• **The data**
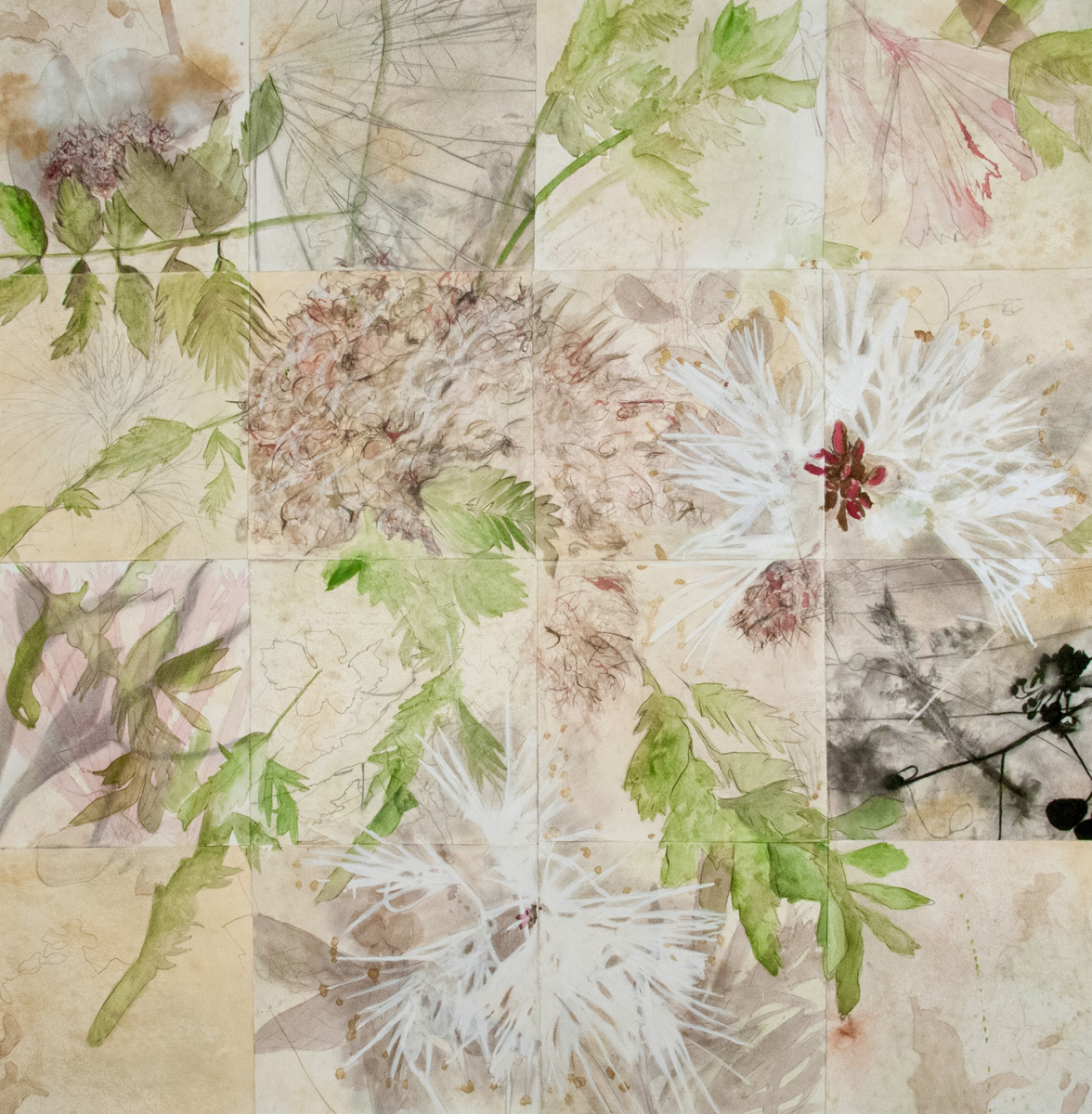 LOVE NOTES AND ELEGIES NO. 3 charcoal, earth, watercolor, ink, mixed media 56” x 56” 2021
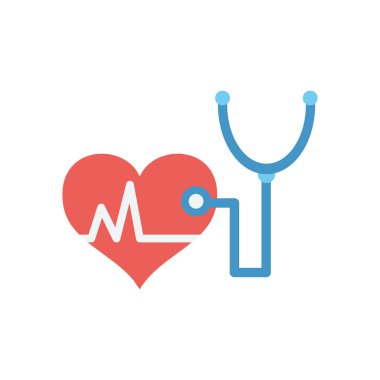 kardiyo kalp ve steteskop simgesi, düz stil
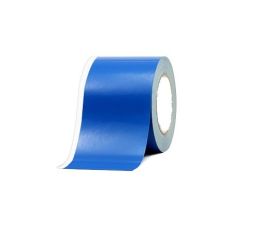 Vinyl continuous label, blue, on roll with 76mm core-BYPOS-5842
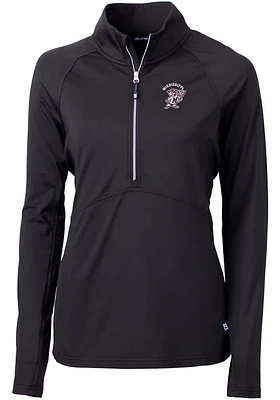 Cutter and Buck Mississippi State Bulldogs Womens Black Vault Adapt Eco Qtr Zip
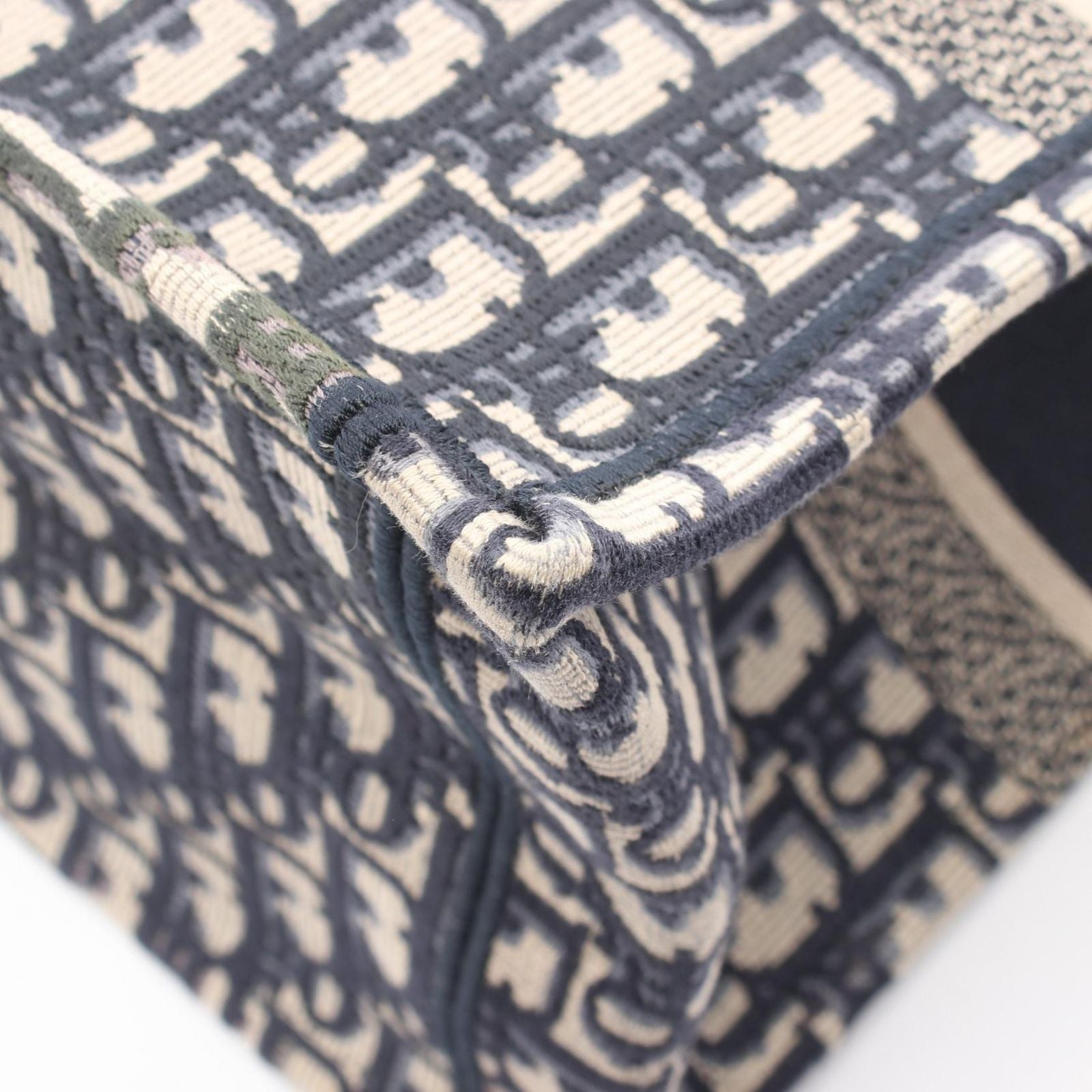 Dior Tote Book Oblique Beige Navy Canvas — view 5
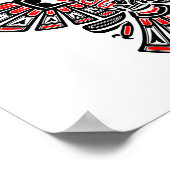 Red Haida Two Headed Spirit Bird op White Poster (Hoek)
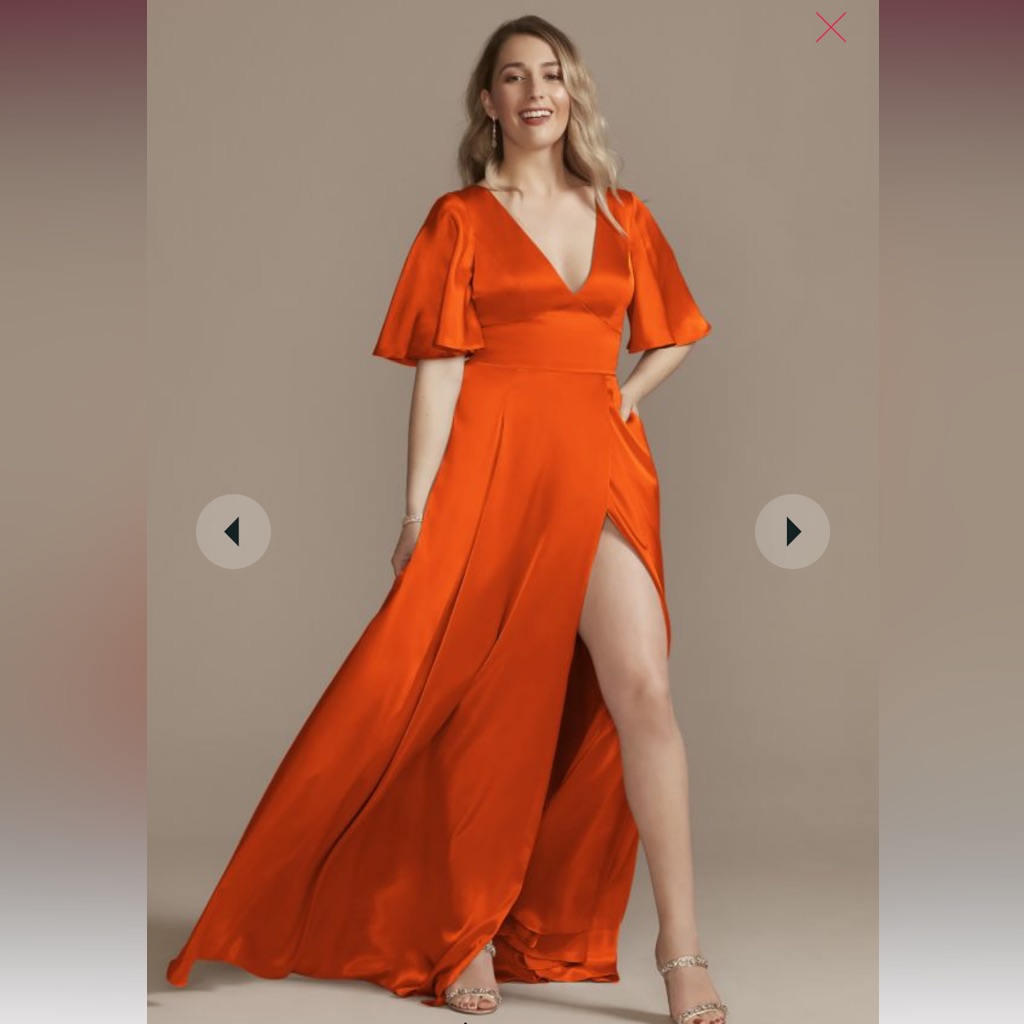 David’s Bridal Charmeuse Flutter-Sleeve A-Line Bridesmaid Dress In Color Sienna
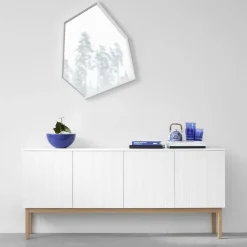 Beam side table, Light grey, light grey stand, tabletop in carrara marble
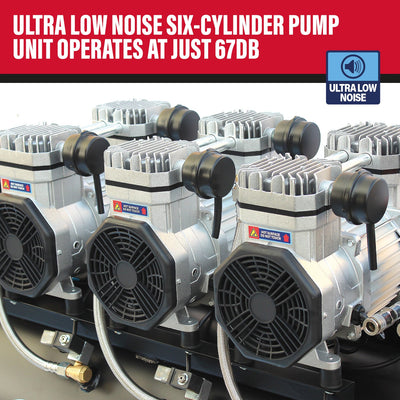 SIP QT AIR DD 200L Ultra Low Noise Oil-Free Direct Drive Air Compressor, 4.5hp (05498) (Factory Refurbished XSHOW)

• **Instructions for the task**
Starting with the first line of the records above and stopping after the line containing "David’s Bridal Charmeuse", repeat every line exactly and leave out the pictures.

• **Output for this exercise**
 LOVE NOTES AND ELEGIES NO. 3 charcoal, earth, watercolor, ink, mixed media 56” x 56” 2021
 kardiyo kalp ve steteskop simgesi, düz stil
 Vinyl continuous label, blue, on roll with 76mm core-BYPOS-5842
 Cutter and Buck Mississippi State Bulldogs Womens Black Vault Adapt Eco Qtr Zip
 Dior Tote Book Oblique Beige Navy Canvas — view 5
 Red Haida Two Headed Spirit Bird op White Poster (Hoek)
 David’s Bridal Charmeuse Flutter-Sleeve A-Line Bridesmaid Dress In Color Sienna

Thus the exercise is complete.